The following problem is solved using a Imperative Solution and a Declarative Solution to try to illustrate the differences between the two approaches.
The problem is fetch the planet by name from the given solar system json document.
Imperative Solution
The first example uses flow control statements to define a Imperative Solution. This is a very common approach to solving problems.
def get_planet_by_name(name, the_solar_system):
try:
planets = the_solar_system['star']['planets']
for arc in planets.values():
for planet in arc:
if name == planet.get('name', None):
return planet
except KeyError:
pass
return None
actual = get_planet_by_name('Earth', solar_system)
expected = {'Number of Moons': '1', 'diameter': 12756, 'has-moons': True, 'name': 'Earth'}
assert actual == expected
Declarative Solution
The second example uses treepath to define a declarative solution. It solves the same problem without defining any flow control statements. This keeps the Cyclomatic and Cognitive Complexity low.
def get_planet_by_name(name: str, the_solar_system):
return get(
path.star.planets.wc[wc][has(path.name == name)],
the_solar_system,
default=None
)
actual = get_planet_by_name('Earth', solar_system)

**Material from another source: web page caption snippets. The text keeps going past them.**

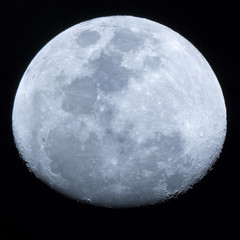 夜空の月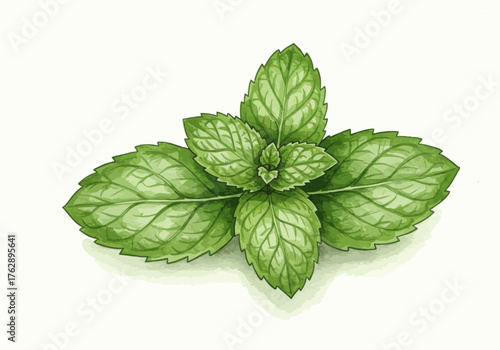 Aromatic Mint Sprig Botanical Illustration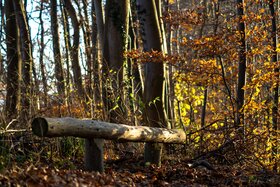 Bild der Petition: Vorrang für Naturschutz in bundes-, landes- und gemeindeeigenen Wäldern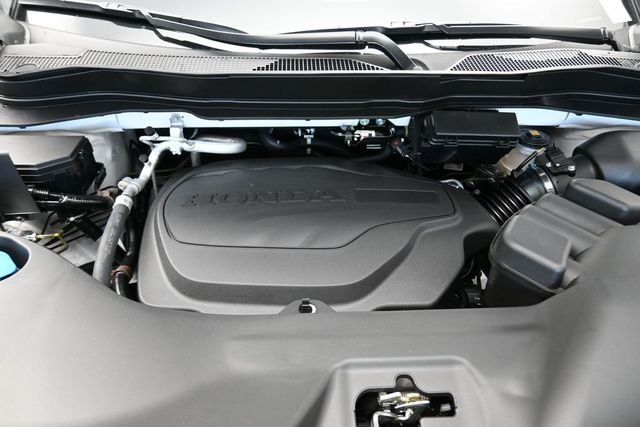 New 2026 Platinum White Pearl Honda Black Edition image 23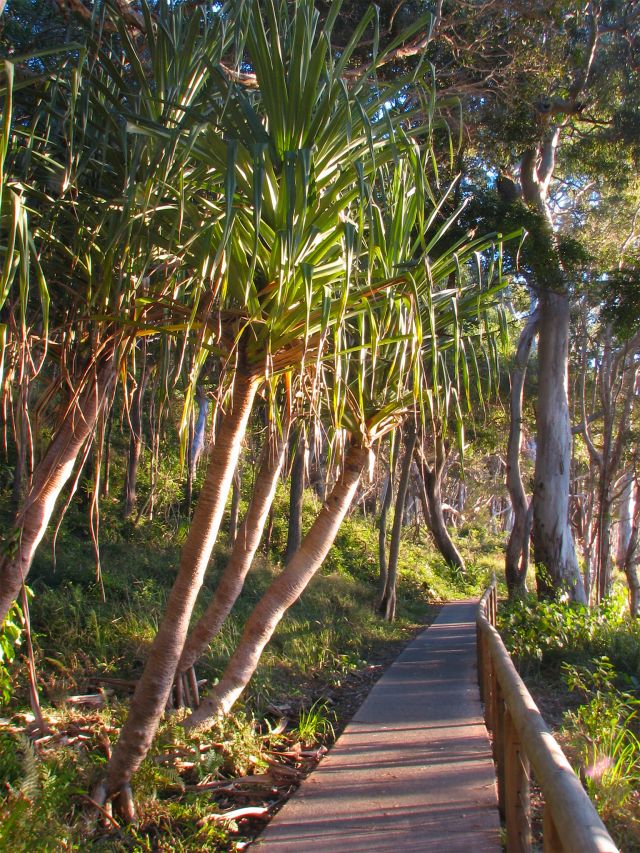 Capture early morning light on the pandanus on the Coastal Walk.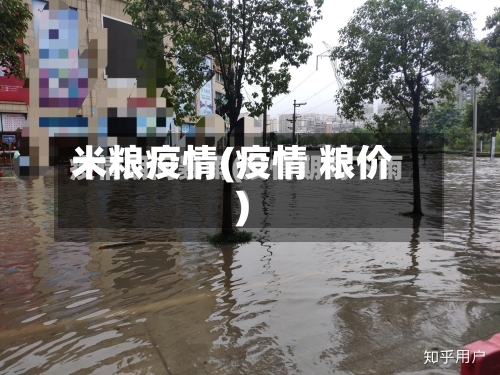 米粮疫情(疫情 粮价)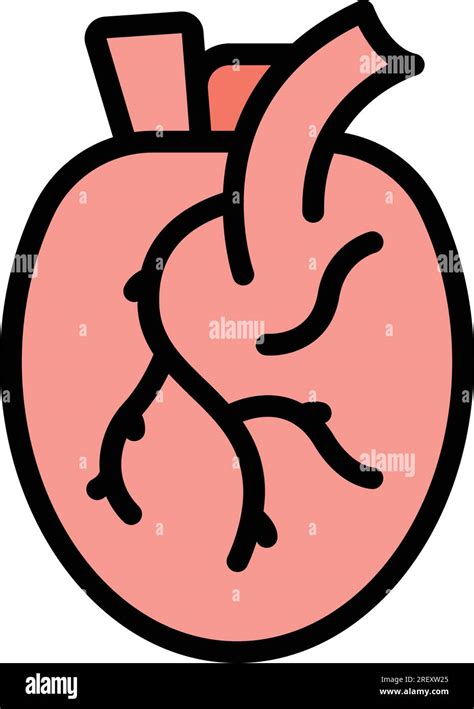 Human Heart Icon Outline Vector Medical Organ Anatomy Body Color Flat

expected = {'Number of Moons': '1', 'diameter': 12756, 'has-moons': True, 'name': 'Earth'}
assert actual == expected
query examples.
Description | Xpath | jsonpath | treepath |
---|---|---|---|
Find planet earth. | /star/planets/inner[name='Earth'] | $.star.planets.inner[?(@.name=='Earth')] | path.star.planets.inner[wc][has(path.name == 'Earth')] |
List the names of all inner planets. | /star/planets/inner[*].name | $.star.planets.inner[*].name | path.star.planets.inner[wc].name |
List the names of all planets. | /star/planets/*/name | $.star.planets.[*].name | path.star.planets.wc[wc].name |
List the names of all celestial bodies | //name | $..name | path.rec.name |
List all nodes in the tree Preorder | //* | $.. | path.rec |
Get the third rock from the sun | /star/planets/inner[3] | $.star.planets.inner[2] | path.star.planets.inner[2] |
List first two inner planets | /star/planets.inner[position()<3] | $.star.planets.inner[:2] | path.star.planets.inner[0:2] |
$.star.planets.inner[0, 1] | path.star.planets.inner[0, 2] | ||
List planets smaller than earth | /star/planets/inner[Equatorial_diameter < 1] | $.star.planets.inner[?(@.['Equatorial diameter'] < 1)] | path.star.planets.inner[wc][has(path["Equatorial diameter"] < 1)] |
List celestial bodies that have planets. | //*[planets]/name | $..*[?(@.planets)].name | path.rec[has(path.planets)].name |
Traversal Functions
get
The get function returns the first value the path leads to.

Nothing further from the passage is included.